ACTIVITY —
Would you repeat word for word the lines of the listing that follows, from the one with "Frieden Liebe Hunde" up to and including the one with "Swingman Shorts Men's", and leave out the images?

INFORMATION —

※ ※ ※

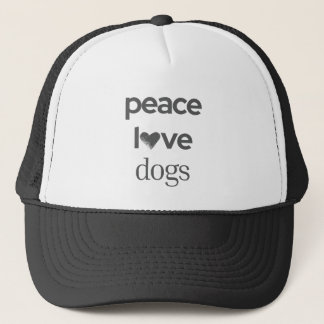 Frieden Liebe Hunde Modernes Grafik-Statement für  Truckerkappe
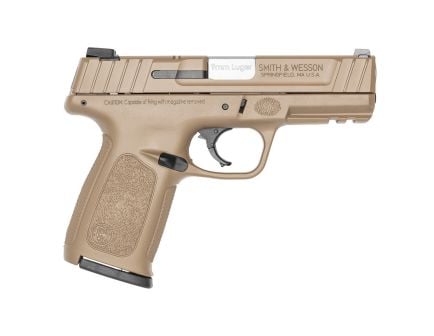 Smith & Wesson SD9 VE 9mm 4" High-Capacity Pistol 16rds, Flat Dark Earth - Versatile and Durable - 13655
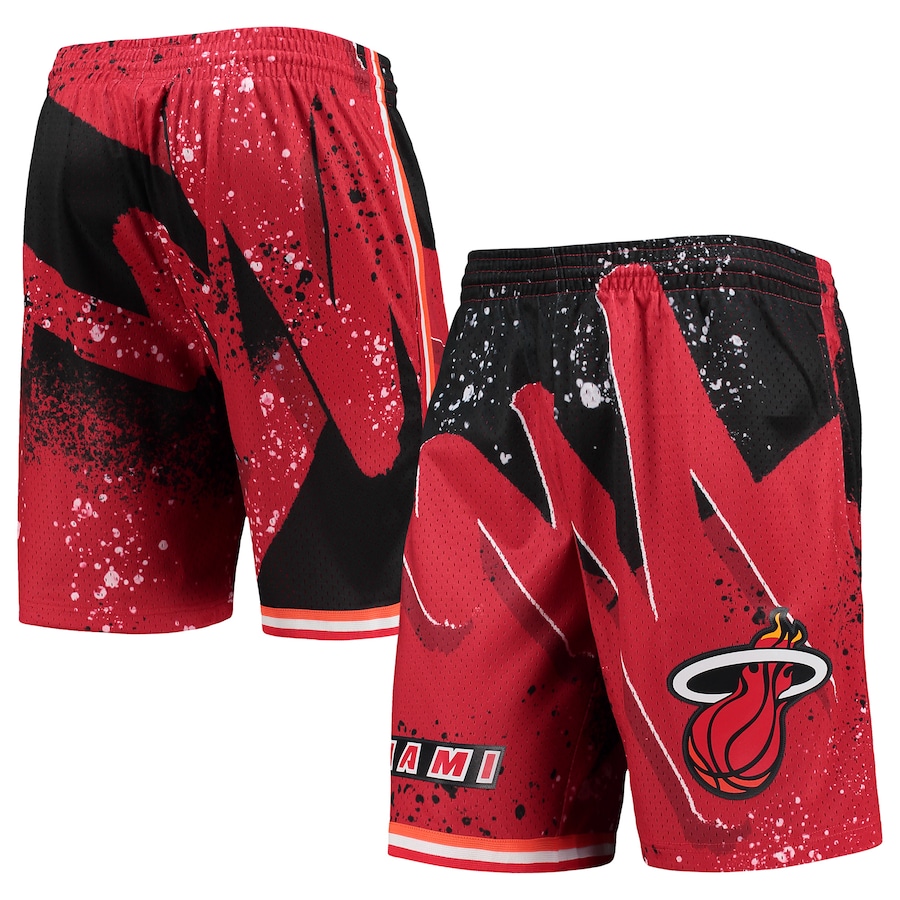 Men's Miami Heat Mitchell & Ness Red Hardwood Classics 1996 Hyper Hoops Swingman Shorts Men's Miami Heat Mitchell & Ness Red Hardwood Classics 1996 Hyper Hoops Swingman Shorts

※ ※ ※

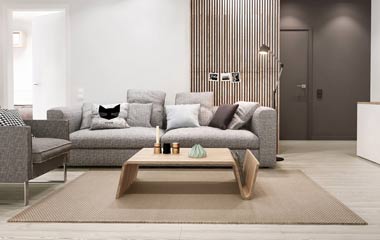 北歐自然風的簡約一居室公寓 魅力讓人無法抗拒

※ ※ ※

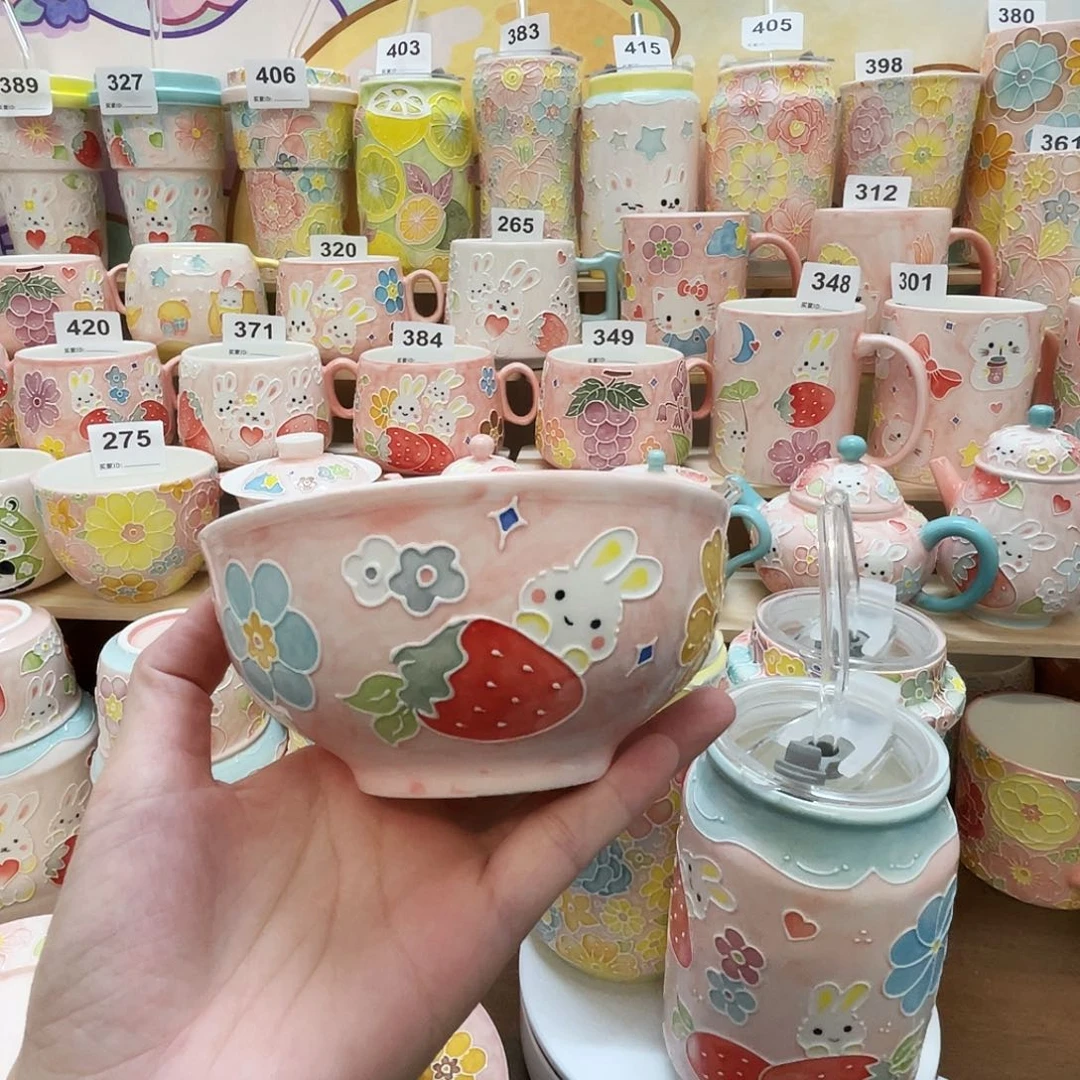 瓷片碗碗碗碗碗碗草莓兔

※ ※ ※

RESULT OF THE EXERCISE —
 Frieden Liebe Hunde Modernes Grafik-Statement für  Truckerkappe
 Smith & Wesson SD9 VE 9mm 4" High-Capacity Pistol 16rds, Flat Dark Earth - Versatile and Durable - 13655
 Men's Miami Heat Mitchell & Ness Red Hardwood Classics 1996 Hyper Hoops Swingman Shorts Men's Miami Heat Mitchell & Ness Red Hardwood Classics 1996 Hyper Hoops Swingman Shorts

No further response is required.